### SUPPLIED INFORMATION

_ _ _ _ _

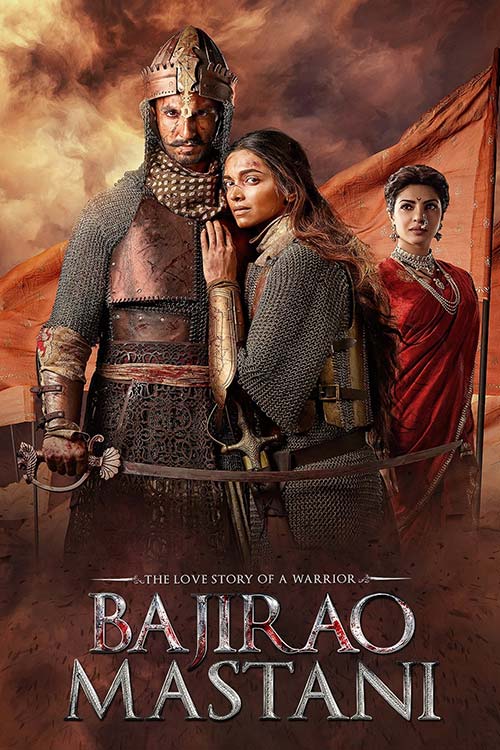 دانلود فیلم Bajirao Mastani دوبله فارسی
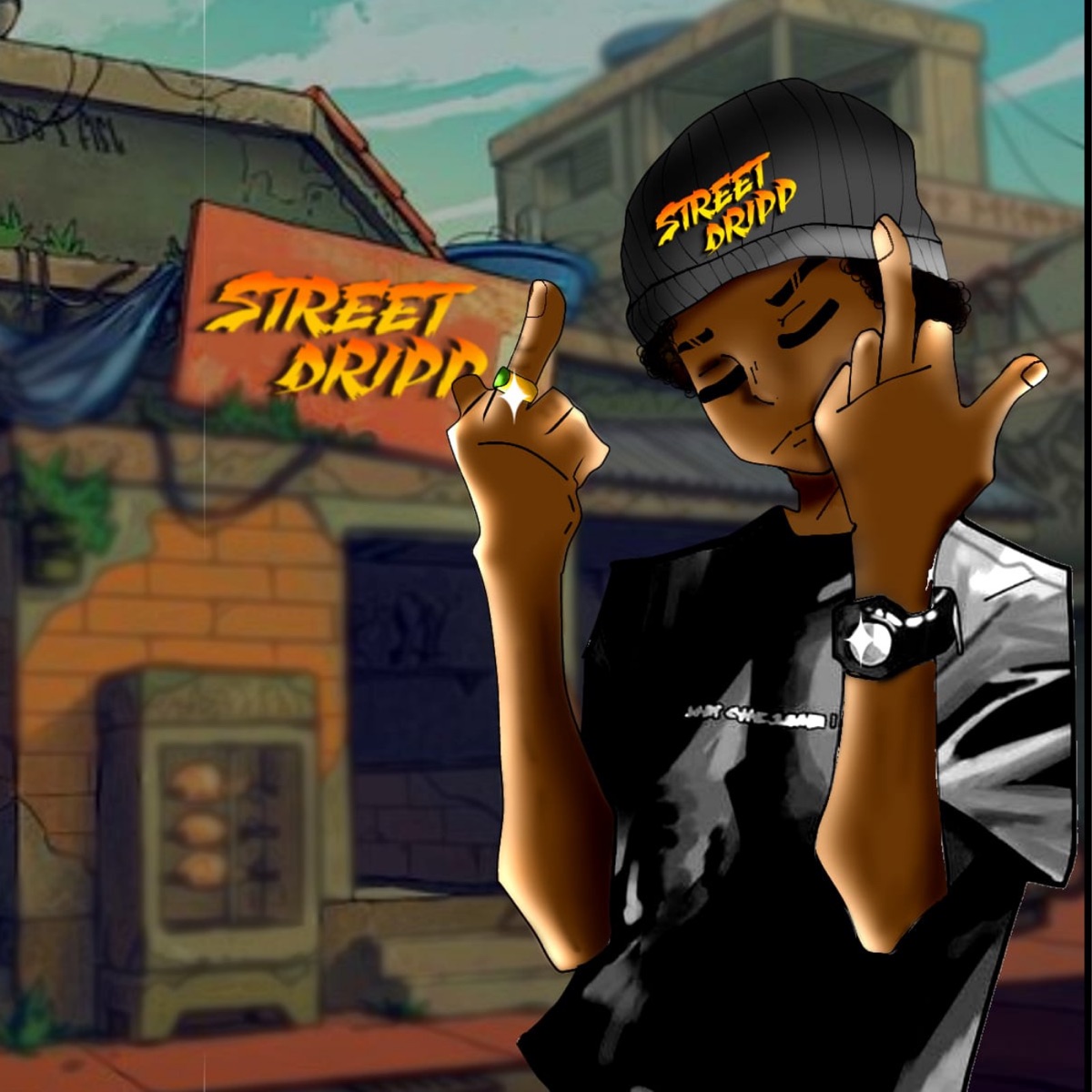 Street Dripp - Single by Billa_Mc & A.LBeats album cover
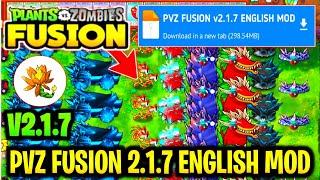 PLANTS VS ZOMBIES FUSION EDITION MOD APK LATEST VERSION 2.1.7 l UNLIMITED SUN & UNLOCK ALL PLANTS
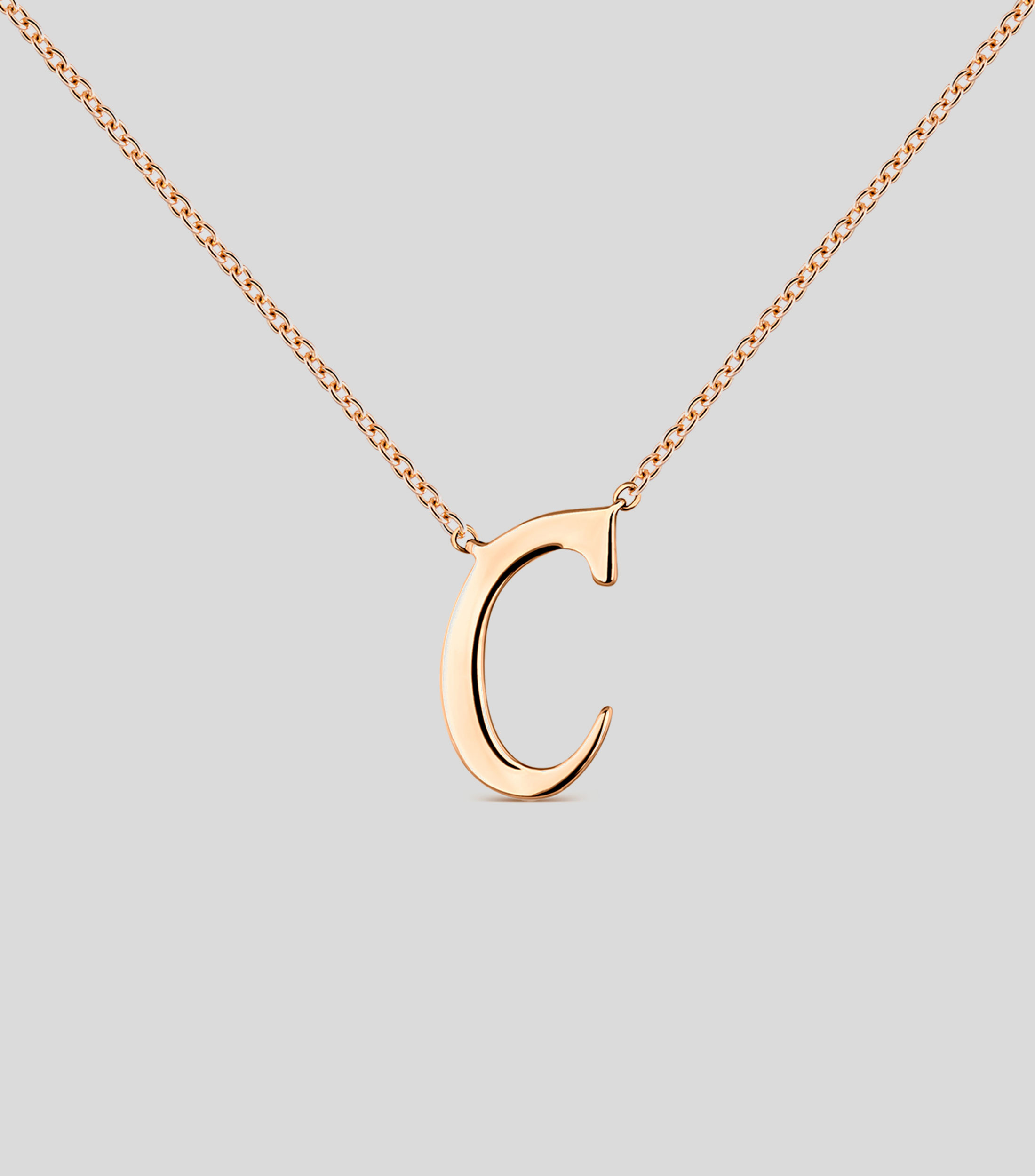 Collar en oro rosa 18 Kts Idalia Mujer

_ _ _ _ _

### TASK TO COMPLETE
Every line of the material must be returned exactly; leave the images out.

### FINISHED TASK
 دانلود فیلم Bajirao Mastani دوبله فارسی
 Street Dripp - Single by Billa_Mc & A.LBeats album cover
 PLANTS VS ZOMBIES FUSION EDITION MOD APK LATEST VERSION 2.1.7 l UNLIMITED SUN & UNLOCK ALL PLANTS
 Collar en oro rosa 18 Kts Idalia Mujer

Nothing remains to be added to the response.